4. Repeat steps 3.iv to 3.vi as needed.

Back to the top

Saving Standoff Annotations

The procedure for saving standoff annotations is the same as the procedure for loading standoff annotations:

  1. Create a processing resource. This time you will create an "ANC Save Standoff" processing resource.
  2. Create a GATE application and add the Save Standoff PR to the new application.
  3. Configure the processing resource and run the application. The following fields need to be completed in the Save Standoff processing resource.
    1. destination - This is the location where the standoff annotation file will be save. It is strongly recommended that you use the format filename-np.xml. It is also recommended that you keep the original annotations and the fixed annotation separate.
    2. document - This is document containing the annotations to be saved. The drop down box will contain a list of all the open documents.
    3. inputASName - This is the name of the annotation set containing the annotations to be saved. Change this to the name of the annotation set containing the fixed annotations.
    4. standoffTags - This is a list of the tags that will be saved. If left blank all the annotations in the selected annotation set will be saved.

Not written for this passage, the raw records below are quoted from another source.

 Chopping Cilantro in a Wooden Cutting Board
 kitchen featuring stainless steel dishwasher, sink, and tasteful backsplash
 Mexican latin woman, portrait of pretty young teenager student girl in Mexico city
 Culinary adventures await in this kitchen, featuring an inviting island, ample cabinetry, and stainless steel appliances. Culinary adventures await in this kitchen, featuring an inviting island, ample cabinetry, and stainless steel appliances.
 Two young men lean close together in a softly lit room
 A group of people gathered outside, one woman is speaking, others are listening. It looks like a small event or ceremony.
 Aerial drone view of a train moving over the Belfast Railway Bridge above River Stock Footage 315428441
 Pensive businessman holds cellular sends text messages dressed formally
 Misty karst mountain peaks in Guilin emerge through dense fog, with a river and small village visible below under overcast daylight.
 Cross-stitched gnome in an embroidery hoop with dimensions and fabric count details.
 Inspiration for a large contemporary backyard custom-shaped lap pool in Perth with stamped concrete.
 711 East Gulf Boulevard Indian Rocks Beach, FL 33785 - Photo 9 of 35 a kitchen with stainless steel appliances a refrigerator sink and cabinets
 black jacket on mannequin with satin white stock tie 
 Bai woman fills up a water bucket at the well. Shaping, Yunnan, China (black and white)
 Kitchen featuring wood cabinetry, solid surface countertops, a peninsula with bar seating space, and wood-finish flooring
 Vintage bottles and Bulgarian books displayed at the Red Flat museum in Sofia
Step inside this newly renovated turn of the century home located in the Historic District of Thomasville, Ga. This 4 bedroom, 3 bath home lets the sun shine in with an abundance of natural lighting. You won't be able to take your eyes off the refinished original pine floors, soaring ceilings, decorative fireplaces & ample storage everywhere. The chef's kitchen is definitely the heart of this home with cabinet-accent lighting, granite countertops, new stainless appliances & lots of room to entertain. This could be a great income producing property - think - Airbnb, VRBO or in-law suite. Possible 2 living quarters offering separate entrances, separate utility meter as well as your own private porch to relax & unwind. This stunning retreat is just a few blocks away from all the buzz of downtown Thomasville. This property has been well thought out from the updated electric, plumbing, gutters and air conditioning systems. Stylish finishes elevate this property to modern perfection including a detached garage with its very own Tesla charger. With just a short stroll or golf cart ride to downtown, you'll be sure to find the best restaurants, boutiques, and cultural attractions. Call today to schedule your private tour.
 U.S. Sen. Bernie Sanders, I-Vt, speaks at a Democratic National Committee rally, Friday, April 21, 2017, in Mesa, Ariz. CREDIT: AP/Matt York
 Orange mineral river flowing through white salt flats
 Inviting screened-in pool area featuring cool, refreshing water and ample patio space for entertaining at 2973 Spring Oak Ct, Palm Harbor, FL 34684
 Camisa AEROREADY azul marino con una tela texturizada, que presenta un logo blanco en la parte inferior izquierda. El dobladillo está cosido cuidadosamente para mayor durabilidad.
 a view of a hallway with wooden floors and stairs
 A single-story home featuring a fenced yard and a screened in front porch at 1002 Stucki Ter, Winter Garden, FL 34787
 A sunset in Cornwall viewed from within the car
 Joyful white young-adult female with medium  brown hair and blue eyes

click to view full size image

Back to the top

Gate Tips

  1. When exiting Gate be sure to select Exit Gate from the File menu or Gate will not save its current state information and won't restore open applications, documents, or processing resources the next time you start it.
  2. Do not put the ANC files in a location with a space anywhere in the path. For example, if you are a Windows user "My Documents" is not a good place for the ANC files. Not only does "My Documents" contain a space, but it is located in "C:\Documents and Settings". (This should be fixed in the latest release of the Gate tools.)
  3. If something does not work check for error messages in Gate's Message tab.
  4. Make sure to specify UTF-16 as the encoding type when opening the text files directly.
  5. If you get an error stating that no standoff annotations were found when running the SaveStandoff processing resource the most likely causes are that you specified the name of the annotation set incorrectly, or you specified the standoffTags incorrectly. Both values are case sensitive.